Source: John D. Anderson, Senior Economist, American Farm Bureau Federation
With the massive grilling event that is Memorial Day weekend in the rear view and with summer heat forcing people into the comfort of their central air, June can be kind of a touchy time for beef prices. It’s a bit early yet, but so far prices still look pretty good. Wholesale beef prices are currently well above where they were at this time last year. However, beef prices last week did seem to lose a bit of their recent momentum. The Choice cutout basically held its ground last week, with the weekly average Choice cutout working out to $197.10, up a few cents from the prior week and closing in on the high of $198.51 posted at the end of February. A big drop in end meat prices was more than offset by gains on the middle meats. Conversely, the weekly Select cutout dropped substantially, coming in at $184.47 last week – a weekly decline of $2.46. A gain in rib prices was not enough to offset substantial declines in the end meats.
At $12.15, the Choice/Select spread is as wide as it has been since the first week of the year.
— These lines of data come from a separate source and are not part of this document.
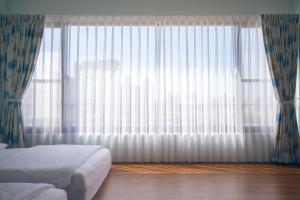 Letto o letti in una camera di 5+1 Homestay
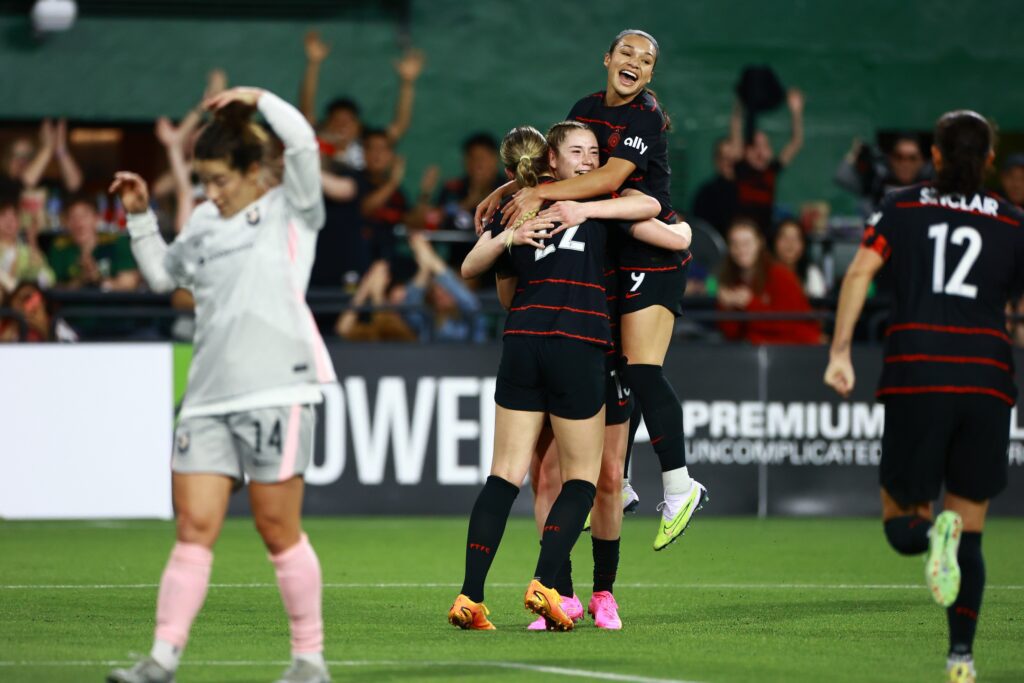 Portland Thorns FC forward Morgan Weaver (22), midfielder Olivia Moultrie (13) forward Sophia Wilson (9) react to a goal against Angel City FC during the second half at Providence Park. 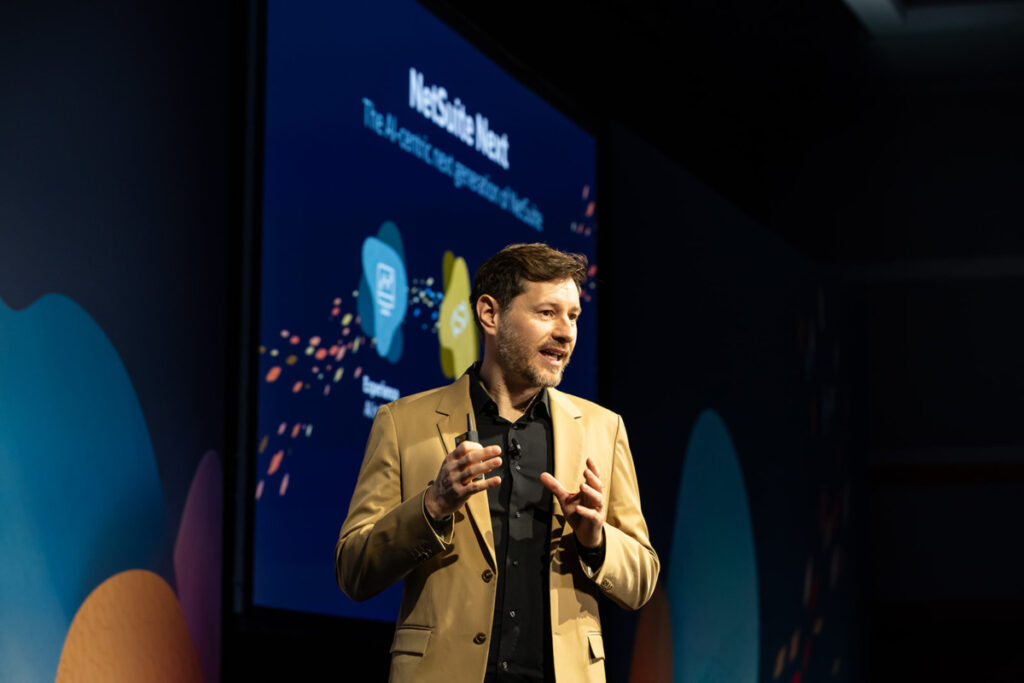 Patrick Puck, NetSuite GVP, AI Strategy, Engineering and Design, on stage at SuiteConnect London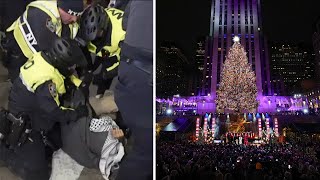 Protesters clash with police near the Rockefeller Center tree lighting [upl. by Swiercz902]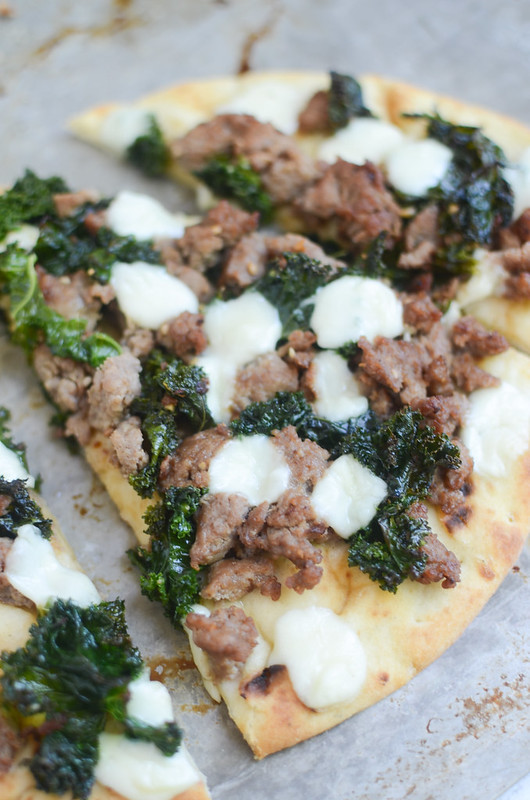 Sausage and Kale Naan Pizza - an easy and healthy way to do pizza night! Turkey sausage, kale, and mozzarella on top of delicious naan bread!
There is nothing unusual about a widening CH/SE spread at this time of year. The percentage of Choice cattle in the slaughter mix has been declining since early March – very much in line with normal seasonal patterns – and has now been consistently below year-ago levels for about the last month. Add to this the fact that demand for Choice meat appears to be strong and should arguably be stronger than we are accustomed to given the effect of Wal-Mart making a determined and well-publicized shift toward more Choice product. With these facts in mind, a bit wider than normal CH/SE spread is not really surprising. The question of immediate interest is whether last week’s downshift in Select prices portends a more general decline in beef prices. A number of competing factors are in play that will ultimately make that determination.
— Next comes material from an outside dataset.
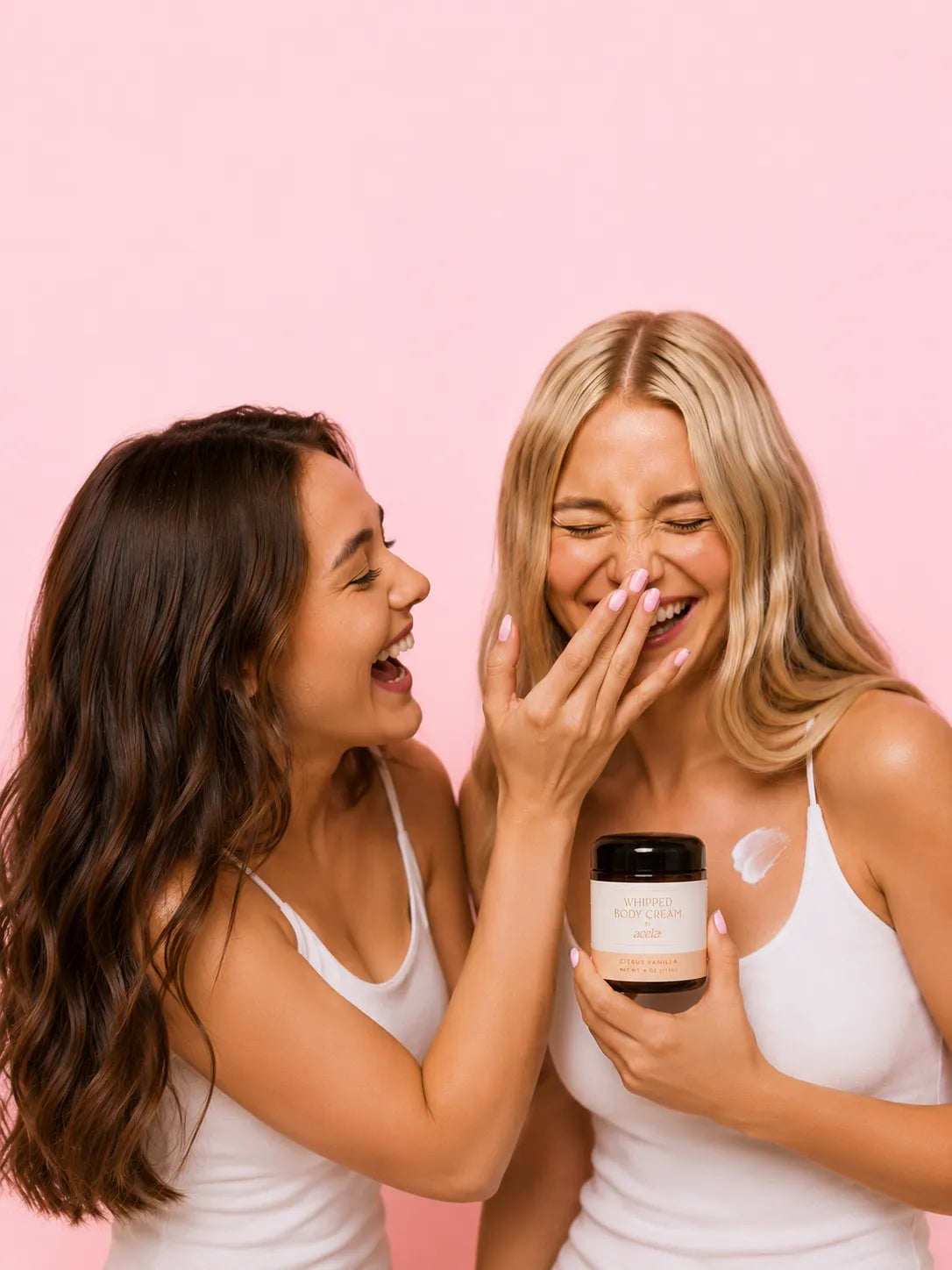 Two women laughing together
First, beef demand appears to remain strong, particularly on high-end product: the aforementioned strength on end meats and Choice product is evidence of that. Second, beef supplies will likely continue to tighten over the course of the summer. Year-to-date beef production is down by over 2 ½%. USDA forecasts show production declining even more moving into the third quarter of the year. With tighter supplies, prices will be well supported even if demand just treads water. However, other factors in the market are less supportive. Competing meat production is increasing. Pork production is expected to be up by 2.7% for the second quarter. Recently, the weekly year-over-year increase in pork production has been more like 5%. The export market has provided a home for much of this pork, but higher production could be a real challenge for pork prices this summer. As for poultry, weekly broiler production currently remains about 5% below year-ago levels; however, the pace of production appears to be picking up. Egg sets and chick placements are still running below year-ago levels, but the gap has narrowed substantially in recent weeks as integrators do not appear inclined to repeat last year’s much-sharper-than-normal summer reductions, despite weaker broiler part prices over the past month or so. Also looming on the horizon is the potential for Mexico to implement large anti-dumping duties on US leg quarters. (We’ve seen the Russian and Chinese versions of that movie before, and it doesn’t have a happy ending.) The bottom line is that competing meat prices are likely to slip relative to beef prices, making it more difficult to maintain beef prices at current levels.